The way sentences containing the German character ß get longer when uppercased was specially designed to create memory problems in C programs doing string handling
@foone I was part of an upgrade project where program parts written in C was moved to Java. The DB layer of the program used two columns VARCHAR(n) for text - one as-is, and one in upper case for indices; both with the same n. The client truncated the string.
The upgrade was a long project and tested extensively, but on the day of the go live the DB connection suddenly hang.
Reason: Java did The Right Thing and converted ß → SS, and the DB interface didn't deal well with too long strings.

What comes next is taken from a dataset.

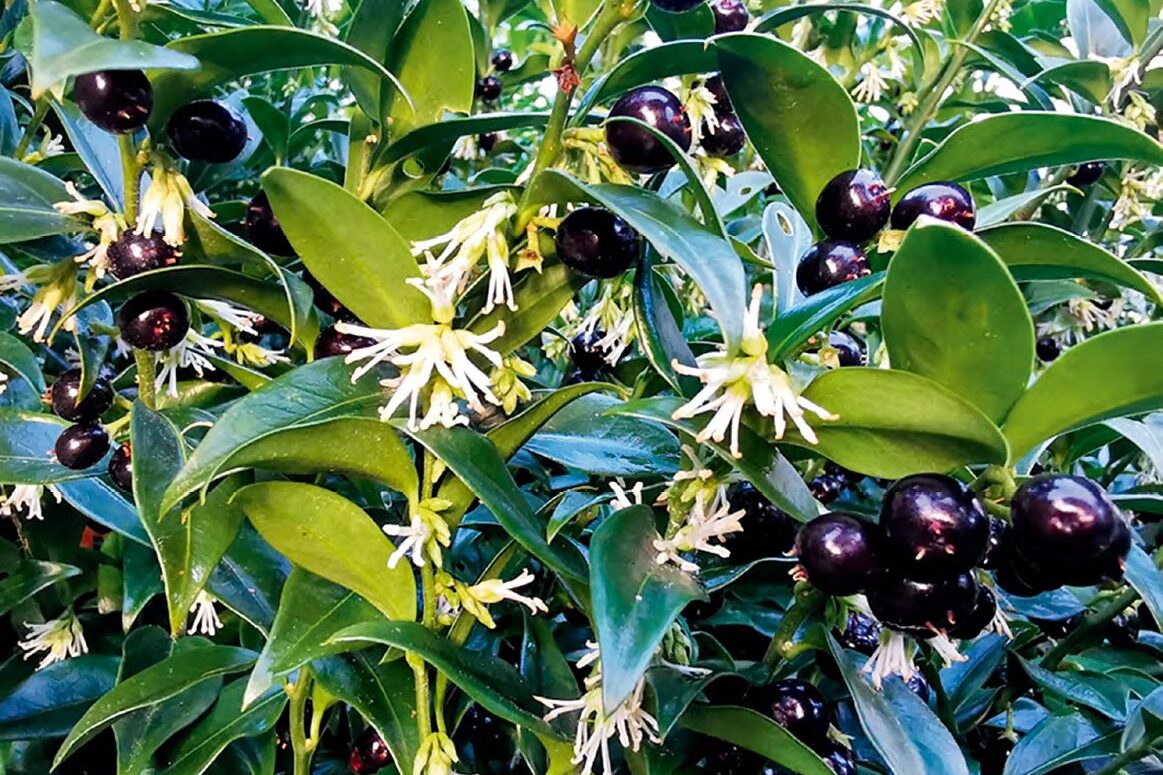 Egy bájos törpe örökzöld, a bogyóspuszpáng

@foone In some official capacities, where things have to be uppercased (from typewritert days), the "ß" has to be transformed into "(SS)" (so as to differentiate "Assman" -> "ASSMAN" and "Aßman" -> "A(SS)MAN", and yes it is hilarious for English readers).
It is its own pumping lemma of sorts.
@foone I was gonna say "just use ẞ" but depending on encoding, that might also add another byte or two I guess? Then again, is this really the only case where the uppercase variant of a character would require more bytes than the lowercase variant?
@foone Probably not related that much, but I remember that in the early days of mobile phones, when every text message was expensive, there was an an outrage that Polish diacritics (ąęźćńż) were counted as more than one character within the 140 characters limit.